À primeira vista, e como de praxe em Houellebecq, tudo parece construído apesar da prosa e da condução narrativa, e não por causa de ambas. Há mão pesada no desfile de temas que soam como busca de impacto vulgar (zoofilia, misoginia, suicídio) e ruídos em trechos didáticos como num best-seller ("um breve percurso pela história recente da Espanha pode ser útil aqui", "minha mercedes G 350 TD 4x4 estava estacionada no posto Repsol").

Também há desprezo por princípios básicos de verossimilhança e edição. Após redundâncias e situações forçadas, como as que envolvem um pedófilo e a tentativa de matar o filho de uma ex-namorada de Labrouste, o resultado final melhoraria se uns 20% do livro fossem cortados.

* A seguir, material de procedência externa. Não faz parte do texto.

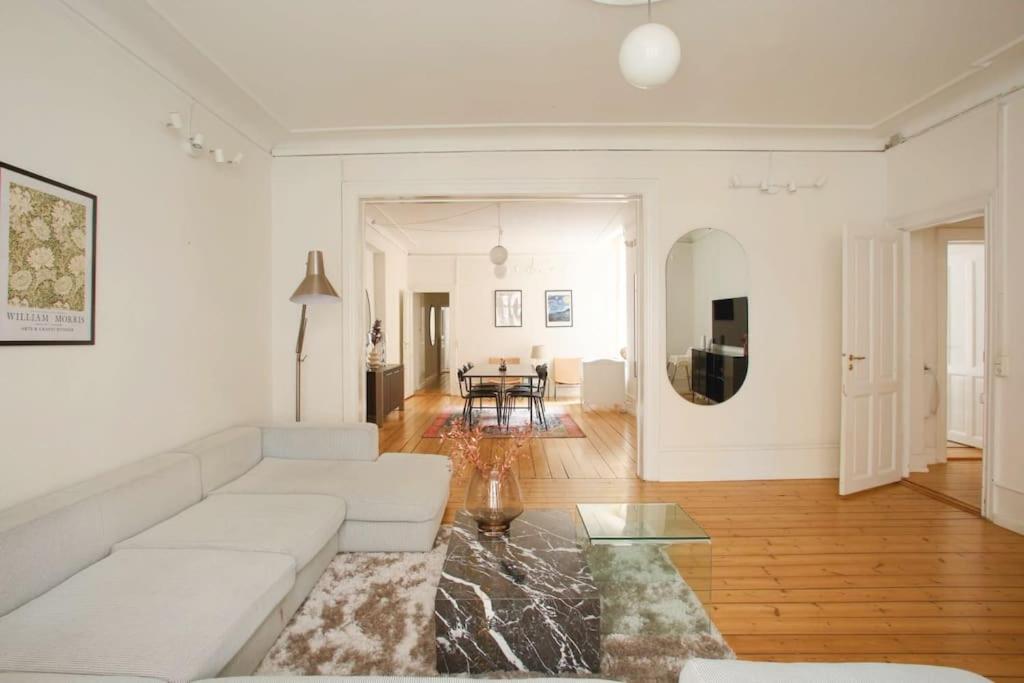Large & Bright 3Br Apartment W Whirlpool Near Metro Copenhagen Exterior photo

Em termos mais amplos, contudo, talvez venha justamente do descuido formal a força de "Serotonina". Como definiu um personagem de J.M. Coetzee, a marca do grande artista às vezes é "deformar a própria mídia para dizer o que não foi dito". É como se regras ficcionais mais estritas, eliminando trechos que "não cabem" na psicologia dos personagens e coerência da trama, impedissem certas ousadias reflexivas, certos picos estéticos obtidos em meio ao entulho da linguagem.

Os melhores momentos houellebecquianos, não por acaso, são estes: volta e meia os personagens param tudo o que estão fazendo ou lembrando para ruminar sobre assuntos maiores que os permitidos pela miudeza do enredo. O típico parágrafo de "Serotonina" começa falando de um objeto próximo, comezinho, e daí se distancia até o arremate algo peculiar, algo engraçado em sua convicção ranzinza/niilista: "Desliguei o motor, hesitando, devia ir lá falar com ele? (...) As pessoas (...) quando pedem conselhos (...) querem mesmo é que uma voz externa confirme que estão numa espiral de aniquilação e morte."

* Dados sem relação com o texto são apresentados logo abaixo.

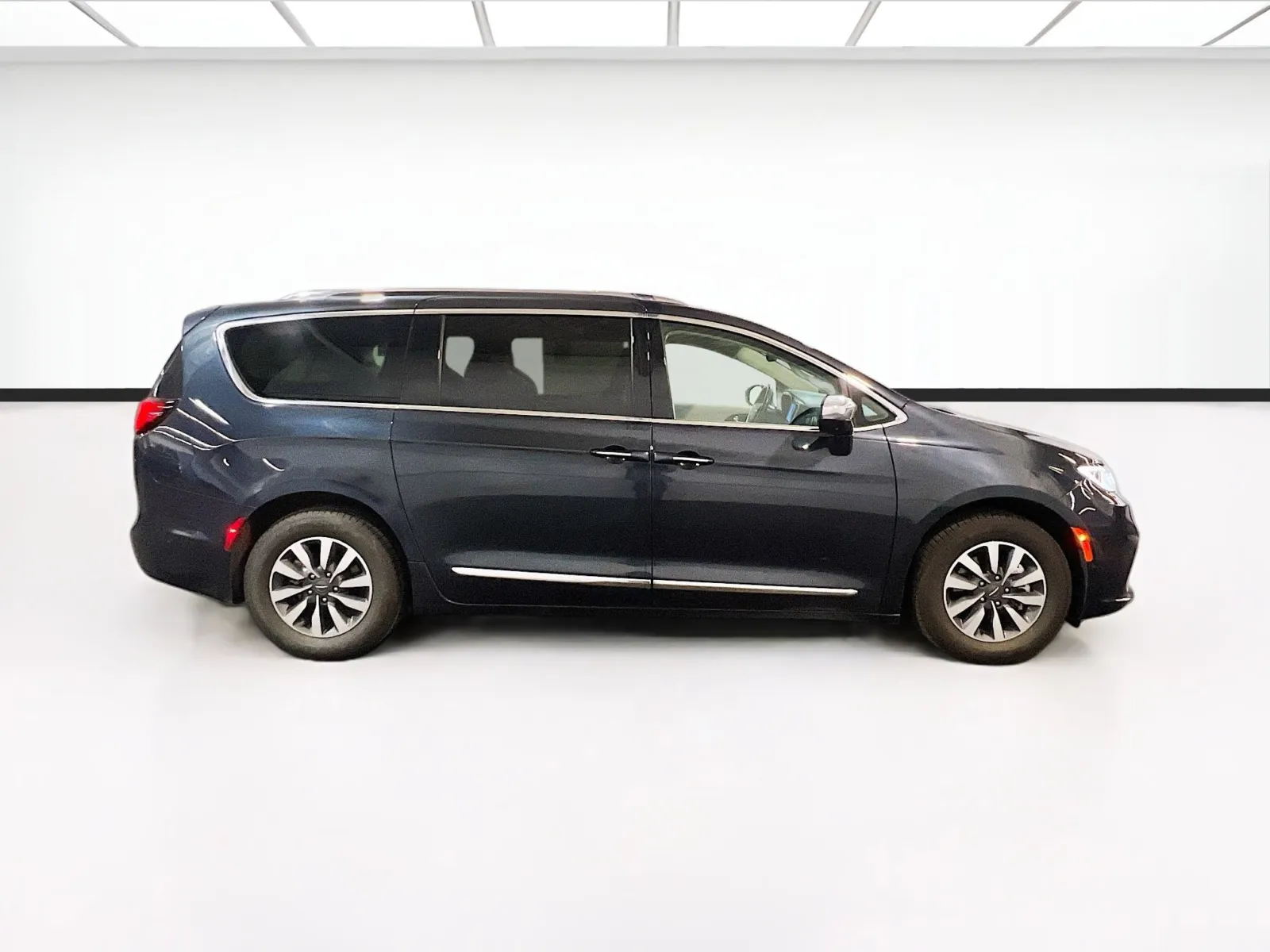 2021 Chrysler Pacifica Hybrid Limited - Photo 25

Dentro da tradição literária, trata-se de um resgate de elementos subestimados do velho romance de ideias, aqui adaptados a um procedimento irônico em relação ao leitor. É fácil simpatizar, por exemplo, quando as digressões de Labrouste atingem alvos que desprezamos - a burocracia da administração pública, o estilo de vida bovino e consumista da classe média.

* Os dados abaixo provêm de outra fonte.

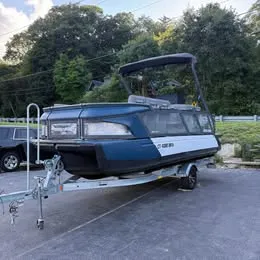 Slide: The Image of Sea-Doo "H2Whoa" Switch® Cruise 21 - 230 hp Galvanized 2024 - 6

Na página seguinte, porém, esse sujeito solitário, impotente, deprimido e adepto de prazeres mesquinhos - sua meca em Paris é um supermercado que oferece catorze variedades de húmus - compartilha seu desgosto por higiene pessoal, sua defesa de Francisco Franco ("o verdadeiro inventor, em nível mundial, do turismo de charme"), suas opiniões sobre povos e países ("como um holandês pode ser xenófobo?; por si só é uma contradição de termos, a Holanda não é um país, no máximo é uma empresa"), seu orgulho em sabotar a coleta seletiva de lixo ("pode ser que eu não tenha feito grandes coisas na vida, mas pelo menos contribuí para destruir o planeta").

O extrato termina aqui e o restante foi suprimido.